Rhizalcyon

Scientific classification
- Kingdom: Animalia
- Phylum: Cnidaria
- Subphylum: Anthozoa
- Class: Octocorallia
- Order: incertae sedis
- Genus: Rhizalcyon
- Species: R. rhodora
- Binomial name: Rhizalcyon rhodora Bayer, 1995

= Rhizalcyon =

- Genus: Rhizalcyon
- Species: rhodora
- Authority: Bayer, 1995

Genus of soft corals

Rhizalcyon is a monotypic genus of soft corals whose sole species is Rhizalcyon rhodora. Originally assigned to the family Alcyoniidae, it is of uncertain placement within the class Octocorallia.
==Taxonomy and etymology==
The genus and its only species was formally described in 1995 by the marine biologist Frederick Bayer from syntypes that were collected in 1969 and 1977. Bayer placed the genus in Alcyoniidae, but the genus is incertae sedis within Octocorallia as of September 2026. The genus name Rhizalcyon is derived from the Greek words for "root" and "kingfisher". The specific name rhodora refers to the rhodora, a species of rhododendron, and is a reference to the color of the species.

==Description==
Colonies of Rhizalcyon rhodora are pink and small, with the largest of the syntypes being 2.4 centimeters tall.
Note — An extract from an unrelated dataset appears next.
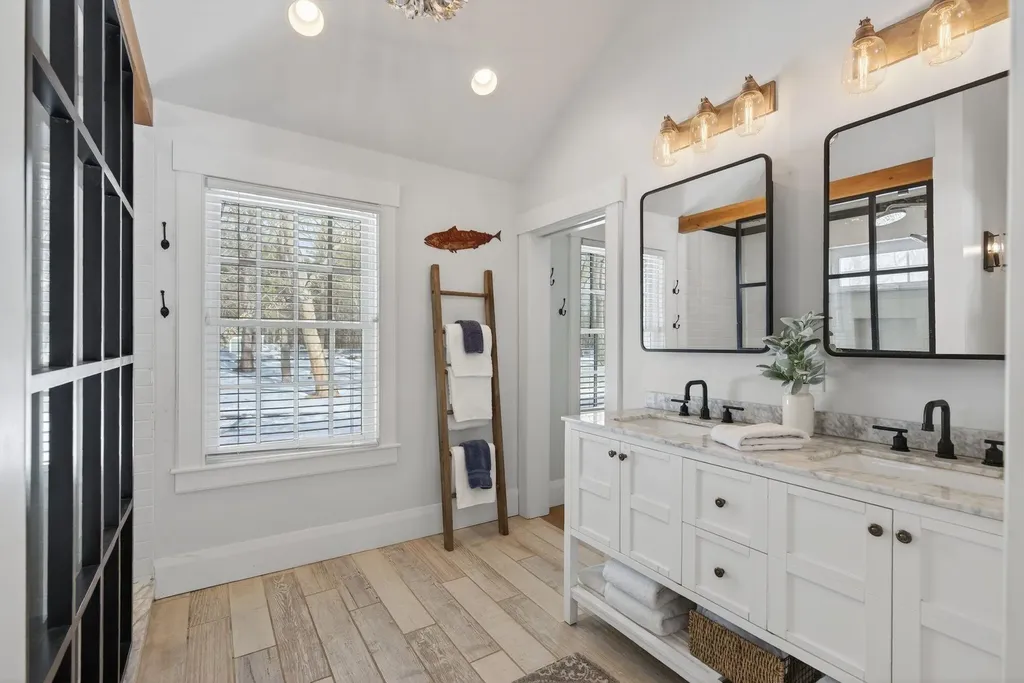 188 Kensington Road Hampton Falls NH 03844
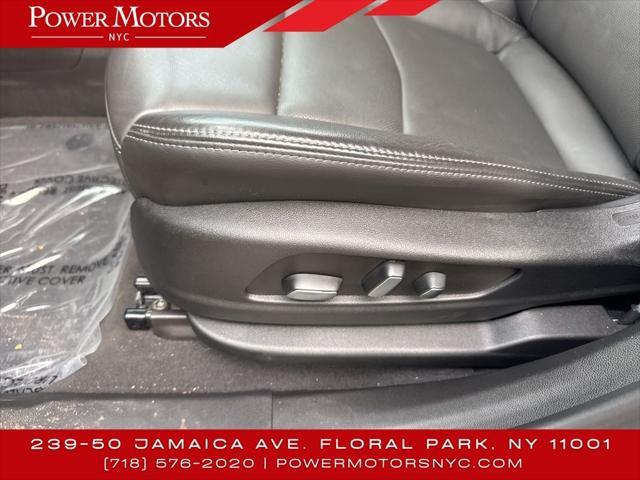Photo of 2024 Stellar Black Metallic Cadillac XT6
The shape of the colonies can vary significantly based on how large they are or how many polyps they have, but generally resemble a club and are joined to the substrate by a sheetlike holdfast. Smaller colonies with three to four polyps are collumnlike, with little to no difference in width between the stalk than the tip. Others have a pronounced club shape and have up to ten (perhaps more) polyps at an egg-shaped tip. In others still, the tip has few polyps (as little as three or four) and is connected to a long and narrow stalk that becomes wider as it approaches the tip. The holdfasts take a branching form like that of roots in colonies near Trinidad.

The tips of the polyps do not contain any sclerites, but the tissue in between polyps contain an abundance of spindles (rod-shaped sclerites with pointed ends) and crosses which are dotted with thorns and bumps.

==Habitat and distribution==
Rhizalcyon rhodora is known from the Caribbean Sea, particularly in the waters near Aruba and east of Trinidad. It grows on pieces of broken coral and shells.

== Ecology ==
The colonies that were collected from Trinidad had pieces of indeterminate species of the soft coral genera Ellisella and Thelogorgia with them, and Bayer felt that the latter is likely Thelogorgia studeri.